By Trinity I.S.D. Superintendent Dr. John Kaufman
As the 85th Texas Legislative session is underway, school districts across the state are wondering if equality in state funding will transpire from this session. For over 30 years, state legislators have penalized school districts with less than 1,600 students and less than 300 square miles by arbitrarily funding the cost per student at a much lower rate than those over 300 square miles.
The legislator’s philosophy for doing this was twofold: first, they understood that the cost per student increased as the number of students in a district decreased. Many felt that by instituting a smaller multiplier to the smaller area districts they would be more inclined to consider consolidating with a neighboring district rather than face this funding shortfall.
Secondly, some legislators felt that if districts were less than 300 square miles, they were “small by choice” and if they couldn’t survive at that lower funding level they could always consolidate with a neighboring district. Both assumptions were incorrect; in fact, many small school districts across the state are the center of the community and an essential component of the community’s heritage. Consolidation with a neighboring district would not be an option.
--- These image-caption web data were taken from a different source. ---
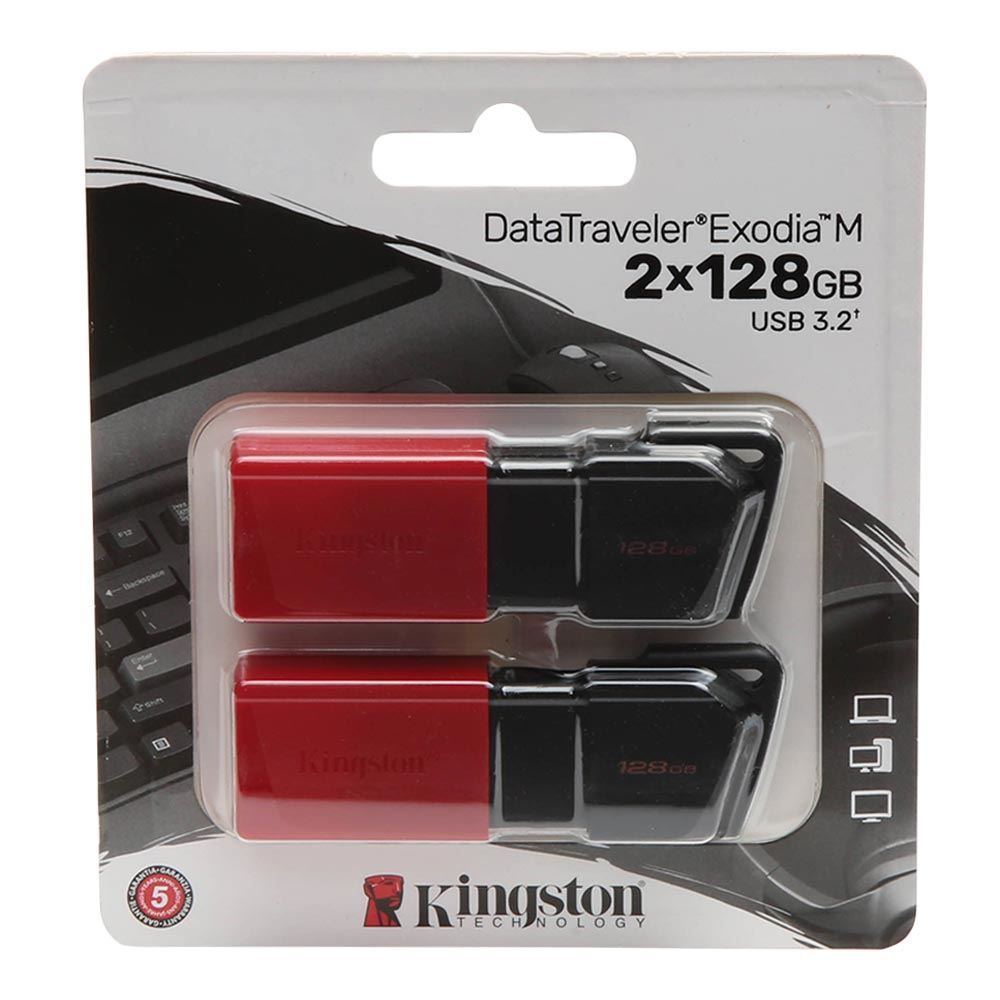 Kingston 128GB DataTraveler Exodia M SuperSpeed+ USB 3.2 (Gen 1) Flash ...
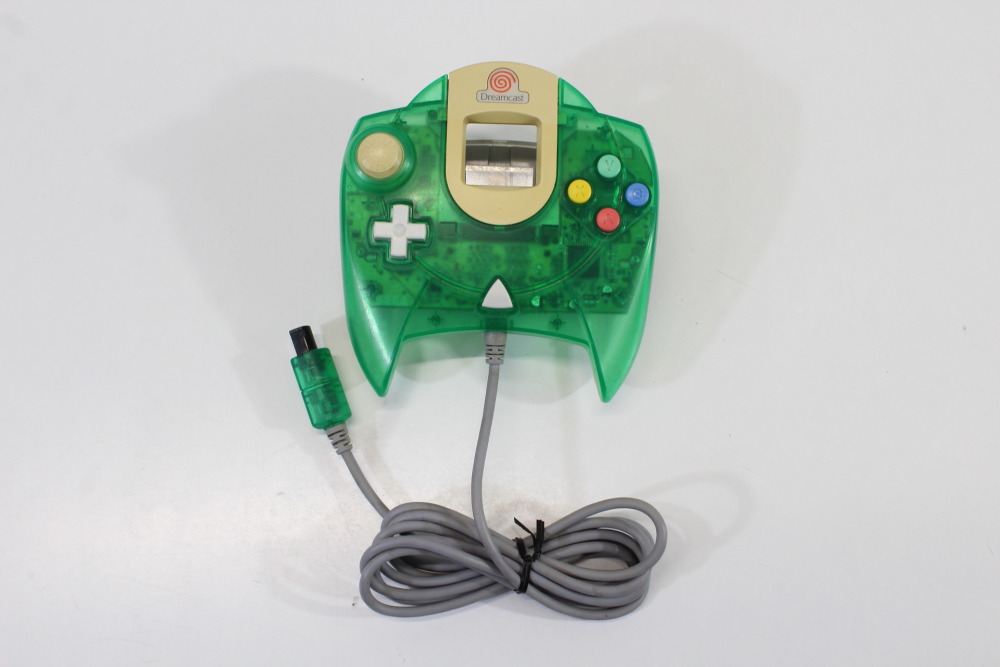 SEGA Dreamcast Controller Pad Limited Clear Clear Green HKT-7700 (B) SEGA Dreamcast DC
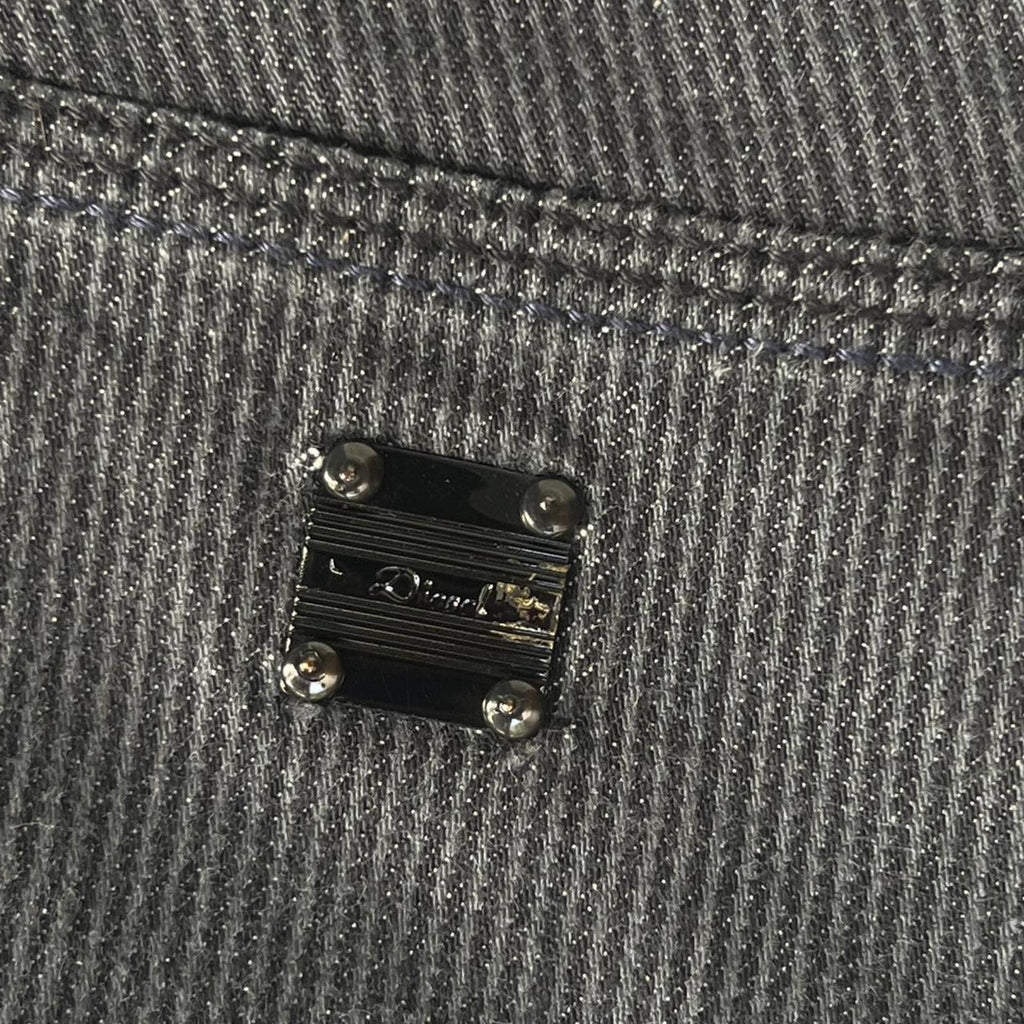 Vintage Diesel Brucke SP Charcoal Grey / Black Straight Leg Stretch Jeans Women’s Size W26” L31”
To further illustrate the injustice imposed on small school districts with less than 300 square miles, if a school district had 600 students and was greater than 300 square miles in area, the state would recognize this district as a higher formula funding district and would use a calculation of .0004 as a funding mechanism, but if a neighboring district had the same amount of students but was 299 square miles in area, they would be funded at a lower funding mechanism of .00025. By using this thinking, the smaller sized school district would receive 37.5 percent less funding from the state!
This funding discrepancy puts the smaller district at an even greater disadvantage; teachers are lost to higher paying districts, fewer resources are available to students, and facility maintenance sometimes suffer because of the lack of funding. A district’s only other option is to offset this funding shortfall by raising taxes; not a viable solution considering the tax burden already placed on citizens!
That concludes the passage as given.